Cut to Arkham (I think?! I'm completely unsure of whether this is a different mental institution that just happens to also look like a horrible prison, or if all of the sets in Arkham have been drastically redesigned to the point of unrecognizability), where Weird Pointless Asshole Warden is hastily burning some files presumably related to Crane when the man himself shows up, armed with his fear gas sprayer and a scythe. His costume looks considerably dumber when it's taken out of the shadows of the prior episode's cliffhanger, but it could be much worse. After realizing it's Crane under the getup, the warden makes a bafflingly delivered plea for him to just walk away and not take revenge, but Crane starts rambling in a particularly unimpressive way about his treatment at the asylum, all the while waffling in between "yeah, I'm Jonathan Crane and I'm cured" and "Jonathan Crane is dead, I'm the Scarecrow" in a manner that speaks more to script inconsistencies than an intentional psychological divide. The warden then tries to go for his gun and gets a mouthful of fear gas, and he sees... the same thing everyone has ever seen, just a rippling screen effect and some zooms in on Scarecrow's mask. Lame.
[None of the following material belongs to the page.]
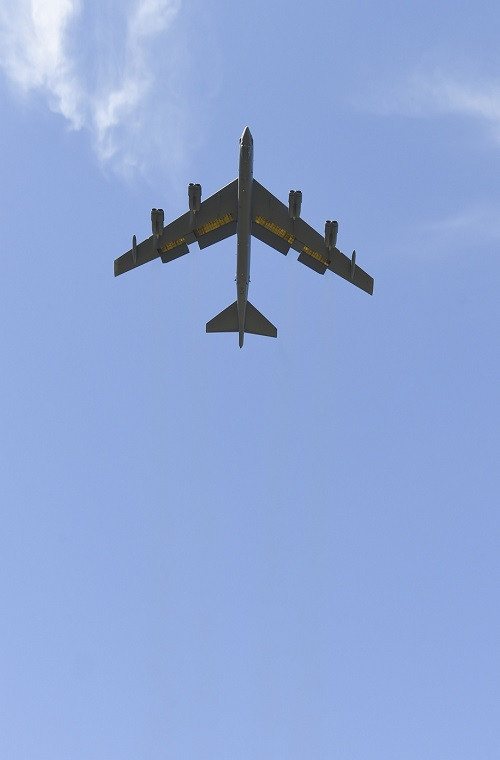 Trong ảnh là chiếc B-52H “Ghost Rider” cất cánh trở lại bầu trời sau 6 năm bị bỏ hoang.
... Or not. Well, still pretty lame, but not in such a stock way. After a very brief scene where Lucius gets suspicious of Bruce in the same way as Jim, we return to this scene to see the warden hallucinating a sinister, twitching entity walking into the room as Scarecrow monologues about confronting his lifelong fears... and it's, of course, a clown. Not even a particularly creepy one, despite the mouth stretching and other effects that are supposed to make us feel his fear. Scarecrow urges him to fight, so he grabs his gun and shoots the clown, which is predictably revealed to be a security guard as he runs out, gunning down dozens of other patients and guards while hallucinating them as a mob of attempted disturbing clowns that only upset me because they remind me that
American Horror Story: Cult is a thing. I don't care enough to question how he fires off about nine shots in one hallway from a six-shot revolver without reloading. While he's off doing this, Scarecrow goes to a room with a couple of growling patients on beds and makes a speech about how they'll be his army, and how he wants to... get revenge on Jim. BECAUSE WHAT ELSE COULD WE
POSSIBLY WANT FROM THESE VILLAINS OTHER THAN THE SAME STORY RECYCLED OVER AND OVER AND OVER AND OVER?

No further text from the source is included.